Cónditor alme síderum,
ætérna lux credéntium,
Christe, redémptor ómnium,
exáudi preces súpplicum.
Qui cóndolens intéritu
mortis períre sæculum,
salvásti mundum lánguidum,
donans reis remédium,
Vergénte mundi véspere,
uti sponsus de thálamo,
egréssus honestíssima
Vírginis matris cláusula.
Cuius forti poténtiæ
genu curvántur ómnia;
cæléstia, terréstria
nutu faténtur súbdita.
Te, Sancte, fide quæsumus,
ventúre iudex sæculi,
consérva nos in témpore
hostis a telo pérfidi.
Sit, Christe, rex piíssime,
tibi Patríque glória
cum Spíritu Paráclito,
in sempitérna sæcula. Amen.
Benigno Creatore degli astri, eterna Luce dei credenti, Cristo, redentore di tutti, esaudisci le preghiere di chi ti supplica.
Tu compatendo il mondo che andava in rovina nella morte, salvasti l’umanità ammalata, donando una cura ai peccatori.
Mentre scendeva la sera del mondo, come uno sposo uscito dal letto nuziale, nascesti dal castissimo grembo della Vergine Madre.
Alla tua forte potenza tutte le creature piegano il ginocchio; quelle del cielo, quelle della terra si mostrano sottomesse alla tua volontà.
Te, o Santo, con fede preghiamo, tu che verrai come giudice del mondo: conservaci nel tempo dalla lancia del perfido nemico.
O Cristo, re piissimo, a te e al Padre sia gloria con lo Spirito Paraclito per i secoli eterni. Amen.
Con l’Avvento anche gli inni della liturgia accompagnano il credente ad attendere il Signore. Questo inno di Vesperi, di autore ignoto, risale al VII secolo. Fu poi modificato in modo significativo nel 1632 per volere di Urbano VIII nell’ambito della revisione del Breviario. Il Concilio Vaticano II ne ha reintrodotto la versione originale. La traduzione italiana non ne rende compiutamente la bellezza. Nel primo verso, ad esempio, conditor è più intenso di creatore. Condere in latino significa fondare una città, con tutto ciò che di progetto e di stabilità la cosa comporta. Perciò colui che ha creato le stelle ha dato loro una legge che non passa, con un disegno razionale che gli uomini con il loro ingegno non hanno mai smesso da sempre di indagare; ma questo conditor è invocato anche come alme, come colui che alimenta, con tutto ciò che di affettivo la parola comporta, richiamando l’atto materno dell’allattamento.
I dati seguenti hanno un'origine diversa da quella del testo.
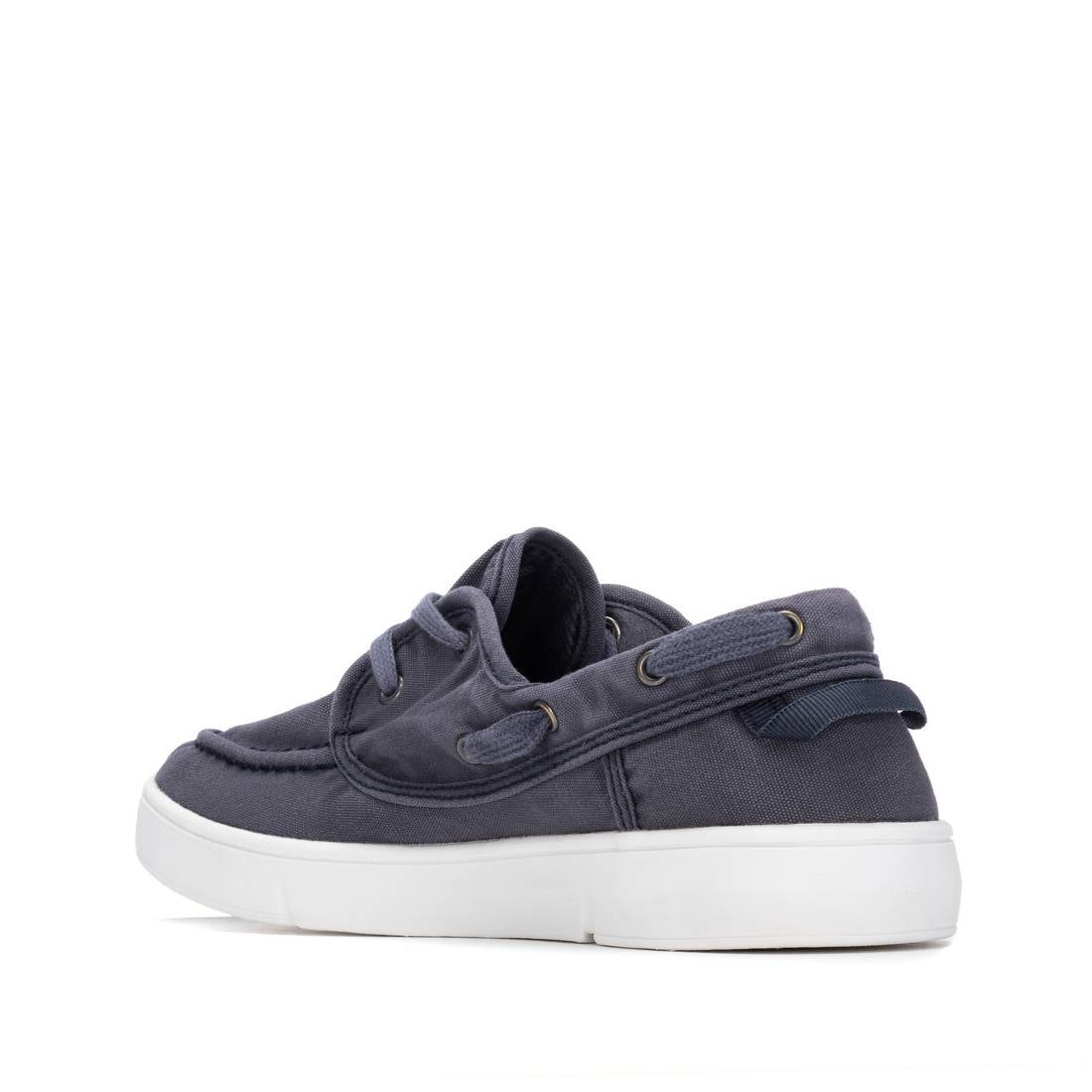 MEN'S SHOE XTI 14574103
Bello nella seconda strofa l’aggettivo languidum, riferito al mondo indebolito e fiacco. La parola, di origine indoeuropea, è stata trasmessa alla lingua latina per via dotta, che tuttavia ha assunto con il tempo anche riflessi popolari, giungendo a significare anche lo struggimento del desiderio. Poco sotto, nell’espressione vergente mundi vespere c’è forse un lontano richiamo a quello che i medievali amavano definire senescentem mundum, il mondo invecchiato sotto il peso dei suoi dolori e dei suoi peccati. Per esso il Padre dona il remedium della nascita di un bambino, che riporta fanciullezza e salute.
La terza strofa è stata quella più rimaneggiata: venne eliminata l’immagine delle sposo che esce dalla stanza nuziale a significare Gesù venuto alla luce dal seno purissimo della Vergine Maria. Forse il paragone sembrava troppo ardito, ma è di origine biblica, si trova in uno dei salmi più recitati nella liturgia delle ore e riletto dalla Chiesa come riferito alla venuta del Messia. Perciò non possiamo che gioire che l’attuale versione abbia ripristinato l’originale. La strofa seguente contiene un riferimento evidente a san Paolo e all’Apocalisse, quando parla di tutte le creature terrestri e celesti inginocchiate davanti a Cristo giudice. Sì, perché il Natale non è solo consolazione e speranza, ma fonda la nostra responsabilità di uomini ad accogliere e a ubbidire al Signore. La prima venuta si salda con l’ultima, quando la nostra vita sarà giudicata. Si salda nella terza venuta, per usare la fortunata espressione di san Bernardo, che è quella dell’ora presente.